Environment and Natural Resources
Introduction
Environmental issues — climate change, biodiversity loss, water scarcity — are SECURITY problems. They are DEVELOPMENT problems. They are JUSTICE problems. They do NOT respect national borders. This chapter examines global environmental politics: the global commons, the North-South debate over responsibility and costs, key international agreements, and the role of movements.
1. The Global Commons
The GLOBAL COMMONS are resources outside any single state's jurisdiction — requiring COLLECTIVE governance:
| Commons | Challenge |
|---|---|
| The Atmosphere | Carbon emissions. The atmosphere's capacity to absorb them is FINITE. |
| The Oceans | Overfishing. Plastic pollution. Acidification. Rising sea levels. |
| Biodiversity | Sixth mass extinction — caused by human activity. |
| Outer Space | Space debris. Militarisation of space. |
The Tragedy of the Commons: When a shared resource is DEPLETED because each individual acts in their own self-interest. 'If I don't take the fish, someone else will.' Result: the resource is destroyed.
2. The North-South Debate — Who Is Responsible?
| Global North's Position | Global South's Position |
|---|---|
| Everyone must reduce emissions NOW. | The North CAUSED the problem — 200 years of industrial emissions. Now it tells us we can't develop. |
| China and India are now the largest emitters. | The North's HISTORICAL and PER CAPITA emissions are FAR higher. Average American: ~15 tonnes/year. Average Indian: ~2 tonnes. |
Common But Differentiated Responsibilities (CBDR)

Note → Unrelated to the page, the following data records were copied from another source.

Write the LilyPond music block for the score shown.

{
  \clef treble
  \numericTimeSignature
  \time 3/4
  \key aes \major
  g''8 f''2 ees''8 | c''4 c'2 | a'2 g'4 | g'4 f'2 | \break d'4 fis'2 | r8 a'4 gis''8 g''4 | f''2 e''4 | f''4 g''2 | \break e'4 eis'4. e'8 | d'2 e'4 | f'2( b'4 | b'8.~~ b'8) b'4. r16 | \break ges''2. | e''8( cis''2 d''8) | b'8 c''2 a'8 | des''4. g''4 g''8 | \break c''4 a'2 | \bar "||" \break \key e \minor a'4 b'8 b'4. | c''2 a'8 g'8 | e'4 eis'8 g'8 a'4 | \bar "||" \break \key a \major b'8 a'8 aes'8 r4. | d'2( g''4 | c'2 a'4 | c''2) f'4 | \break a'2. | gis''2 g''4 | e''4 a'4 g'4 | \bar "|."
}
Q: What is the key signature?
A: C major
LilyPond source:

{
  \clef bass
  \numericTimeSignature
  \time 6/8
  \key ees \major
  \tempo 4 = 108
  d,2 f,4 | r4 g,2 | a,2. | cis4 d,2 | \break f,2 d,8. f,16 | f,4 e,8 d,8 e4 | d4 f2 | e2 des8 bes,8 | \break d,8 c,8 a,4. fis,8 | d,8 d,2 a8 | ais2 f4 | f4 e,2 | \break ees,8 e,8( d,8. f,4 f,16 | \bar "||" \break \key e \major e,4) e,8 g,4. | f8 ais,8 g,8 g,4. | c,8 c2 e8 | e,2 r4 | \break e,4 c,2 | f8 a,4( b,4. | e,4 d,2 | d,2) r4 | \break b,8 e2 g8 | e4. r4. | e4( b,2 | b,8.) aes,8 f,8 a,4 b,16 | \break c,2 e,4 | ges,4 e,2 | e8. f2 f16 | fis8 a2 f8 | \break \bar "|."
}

Adopted at the 1992 Rio Earth Summit. ALL countries have responsibility — BUT developed countries have GREATER responsibility (historical emissions) and GREATER CAPABILITY (finance and technology). They must provide CLIMATE FINANCE to help developing countries transition.
Key Agreements
| Agreement | Year | Key Features |
|---|---|---|
| UNFCCC | 1992 | Framework convention. Annual COP meetings. CBDR principle. |
| Kyoto Protocol | 1997 | BINDING targets for DEVELOPED countries only. US never ratified. |
| Paris Agreement | 2015 | VOLUNTARY targets (NDCs) for ALL countries. Limit warming to 1.5-2°C. |
| Loss and Damage Fund | 2022 | Developed countries to COMPENSATE developing countries for climate damage. |
3. Environmental Movements
| Movement | Significance |
|---|---|
| Chipko (India, 1970s) | Women hugged trees to prevent logging — global symbol of environmental resistance |
| Narmada Bachao Andolan | Raised questions about 'development' — for whom, at what cost |
| Fridays for Future (2018+) | Greta Thunberg. Youth climate strikes. 'You have stolen my dreams.' |
4. Exam Focus
| Question Type | Marks | Likely Topics |
|---|---|---|
| Short Answer | 4 | What are global commons? Why do they require collective action? |
| Short Answer | 4 | Explain the North-South debate on climate responsibility |
| Short Answer | 2 | What is CBDR? Key climate agreements (Kyoto, Paris) |
Self-Test
Q1. What are the GLOBAL COMMONS? Why do they need collective governance? A1. Resources outside any state's jurisdiction: atmosphere, oceans, biodiversity, outer space. They need COLLECTIVE GOVERNANCE because: (1) No single country can protect them alone. (2) Tragedy of the Commons — each acting in self-interest depletes the shared resource. (3) Actions in one country affect ALL. Protection requires international agreements — but countries often free-ride. 'The global commons are everyone's property — and therefore no one's responsibility, unless we MAKE them so.'
Q2. Explain the NORTH-SOUTH DEBATE on climate change. A2. The North: all must reduce emissions now. The South: The North CAUSED the problem through 200 years of industrialisation and got RICH. The North's per capita emissions are far higher (~15 tonnes/year American vs ~2 tonnes/year Indian). The South has a RIGHT TO DEVELOP. RESOLUTION: CBDR — all have responsibility, but developed countries have GREATER responsibility and must provide CLIMATE FINANCE and technology. Paris Agreement (2015): voluntary targets for all. Loss and Damage Fund (2022): compensation for climate damage.